WIPO Arbitration and Mediation Center
ADMINISTRATIVE PANEL DECISION
Compagnie Générale des Etablissements Michelin v. Anshul Goyal, Guava Softs Pvt Ltd
Case No. D2016-2395
1. The Parties
Complainant is Compagnie Générale des Etablissements Michelin of Clermont-Ferrand, France, represented by Dreyfus & associés, France.
Respondent is Anshul Goyal, Guava Softs Pvt Ltd of Ludhiana, Punjab, India.
2. The Domain Name and Registrar
The disputed domain name <bibendum.xyz> (the “Domain Name”) is registered with InternetX GmbH (the “Registrar”).
3. Procedural History
The Complaint was filed with the WIPO Arbitration and Mediation Center (the “Center”) on November 28, 2016. On November 28, 2016, the Center transmitted by email to the Registrar a request for registrar verification in connection with the Domain Name.
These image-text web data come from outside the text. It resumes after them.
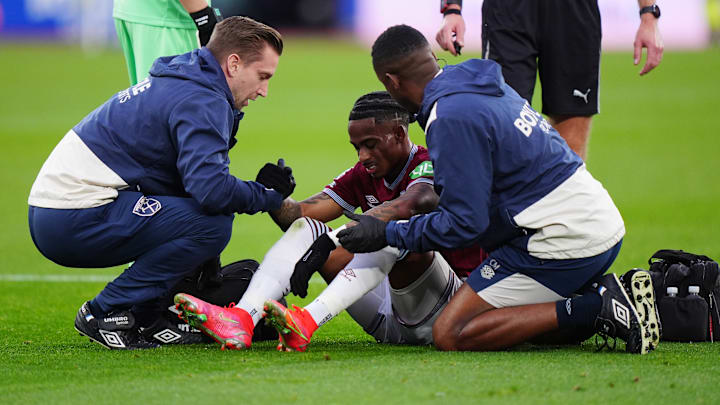 West Ham star winger Crysencio Summerville suffered a minor calf injury after being subbed in during the FA Cup tie on Monday versus Brentford. 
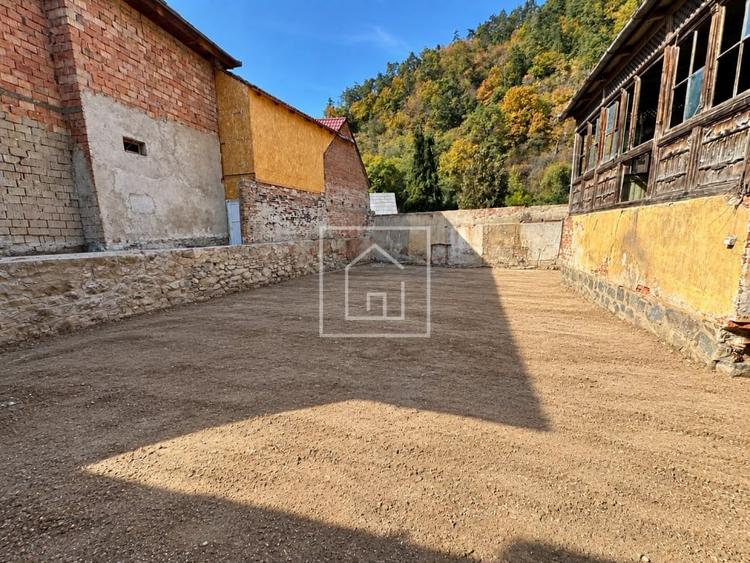 Duplex cu 4 camere cu Canalizare în Tilișca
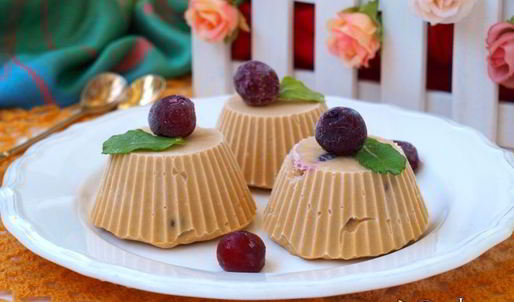 крем-брюле из творога с вареной сгущенкой и вишней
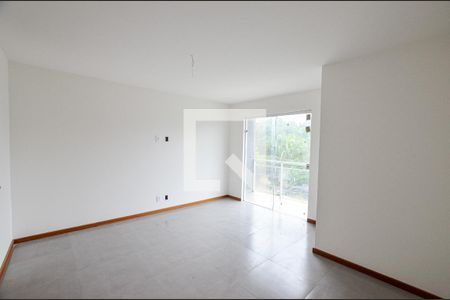 Casa à venda com 130m², 3 quartos e 2 vagasSuite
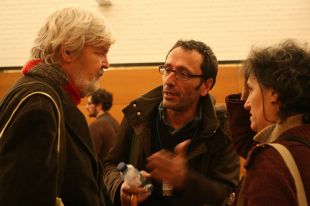 Xos&eacute; Manuel Beiras, Xabier Mac&iacute;as e Lidia Senra nos corredores do Auditorio de Galicia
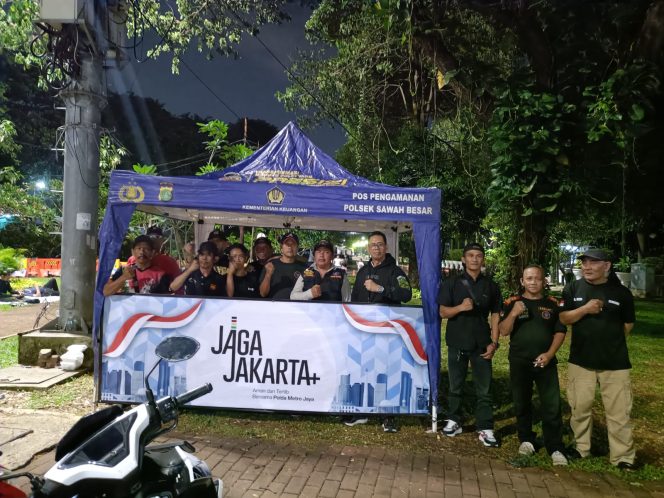
					Posko Jaga Jakarta di Sawah Besar, Polisi dan Warga Bersatu Jaga Keamanan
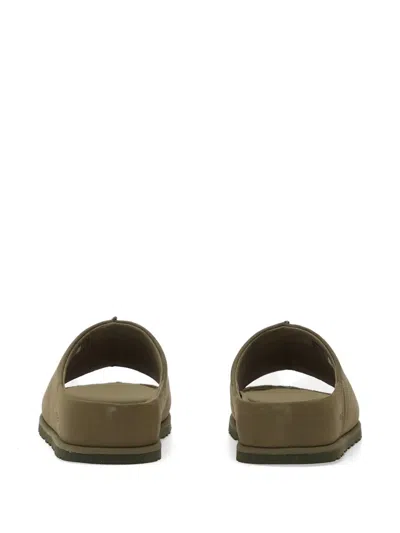 Ugg 오초 슬라이더 샌들 In Brown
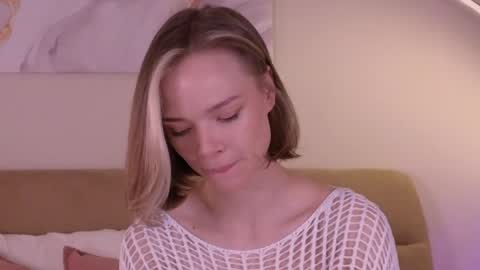 Snapshot of eva_natsumi chatting on 01.27.25 Eva online show from 01.27.25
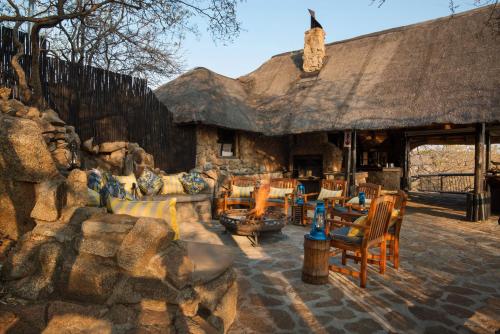 陽台/露台, 茲胡庫都旅館 (Tshukudu Bush Lodge) in 蘭斯堡國家公園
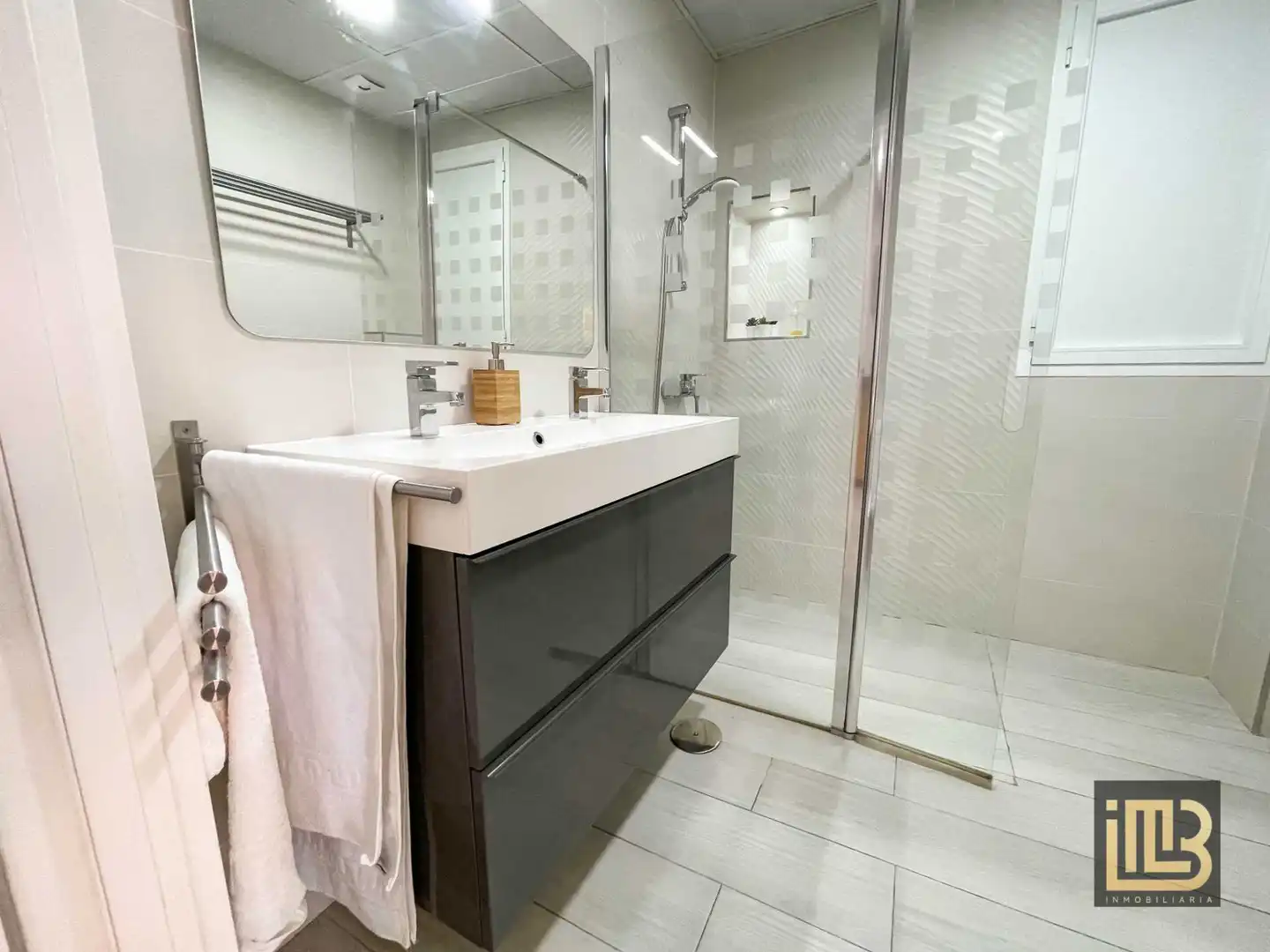 Baño de Piso en venta en Málaga con Aire acondicionado, Microondas y TV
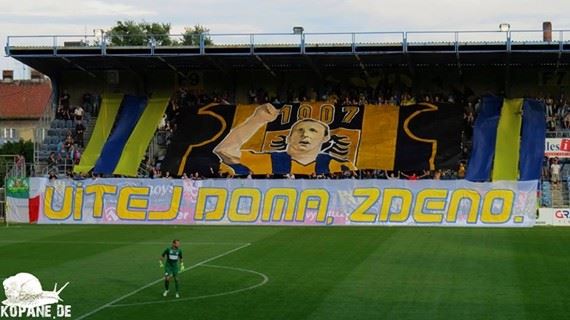 /titleImg/pohled-na-tribuny-3-kola-fotbalove-narodni-ligy/1/6276.jpg?width=570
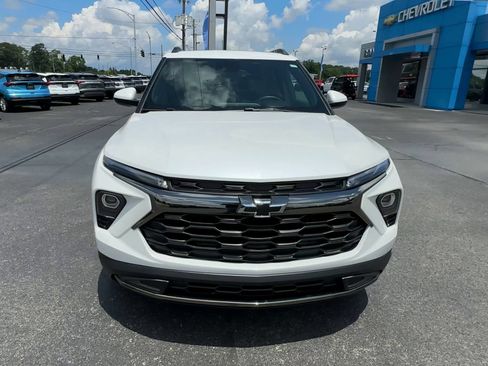 Certified 2025 Chevrolet TrailBlazer ACTIV w/ Convenience Package FWD image 3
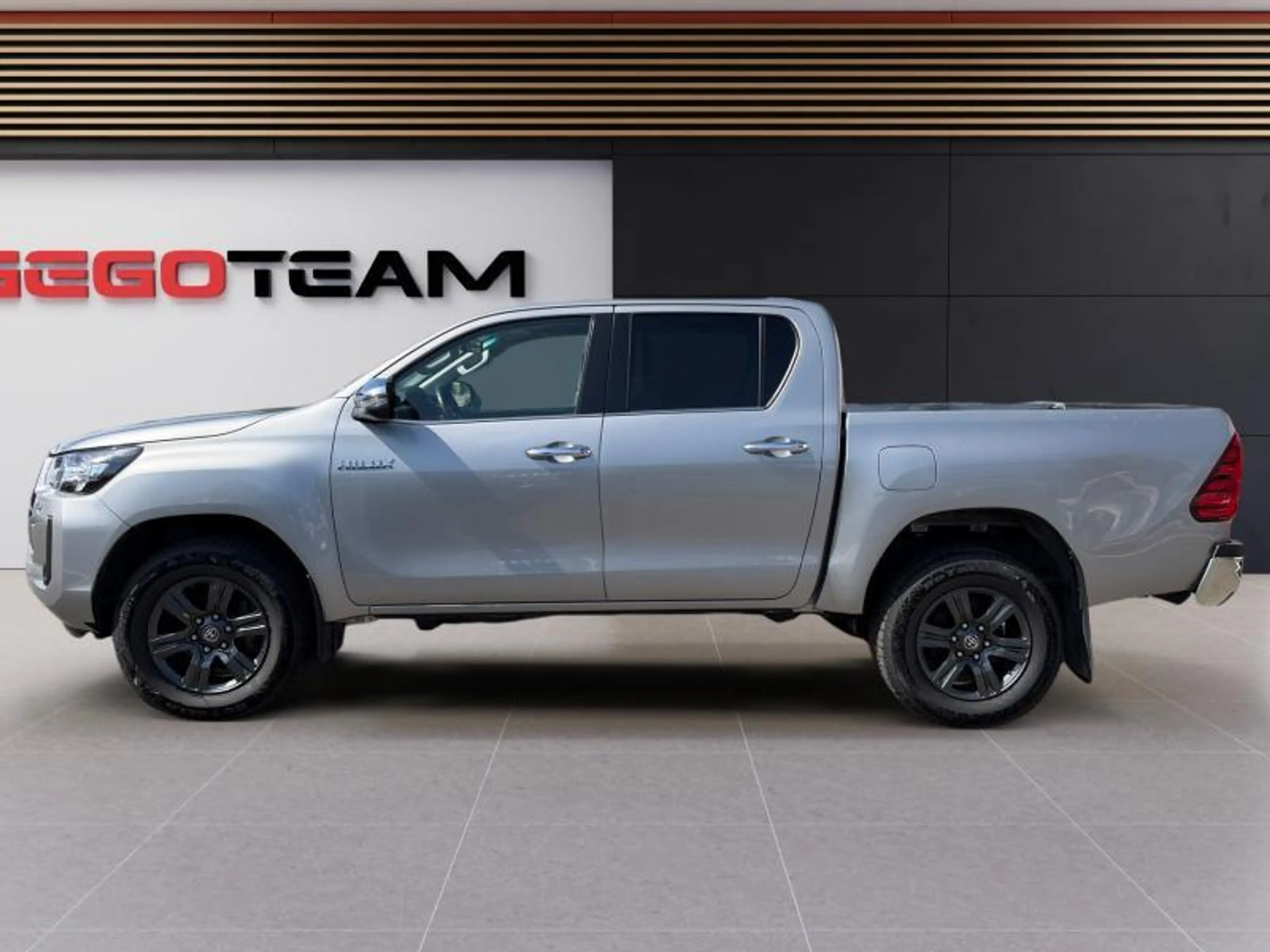 Toyota Hilux Comfort 2.4 — photo 3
On November 30, 2016, the Registrar transmitted by email to the Center its verification response confirming that Respondent is listed as the registrant and providing the contact details.
The Center verified that the Complaint satisfied the formal requirements of the Uniform Domain Name Dispute Resolution Policy (the “Policy” or “UDRP”), the Rules for Uniform Domain Name Dispute Resolution Policy (the “Rules”), and the WIPO Supplemental Rules for Uniform Domain Name Dispute Resolution Policy (the “Supplemental Rules”).
In accordance with the Rules, paragraphs 2 and 4, the Center formally notified Respondent of the Complaint, and the proceedings commenced on December 7, 2016. In accordance with the Rules, paragraph 5, the due date for Response was December 27, 2016. Respondent did not submit any response. Accordingly, the Center notified Respondent’s default on December 29, 2016.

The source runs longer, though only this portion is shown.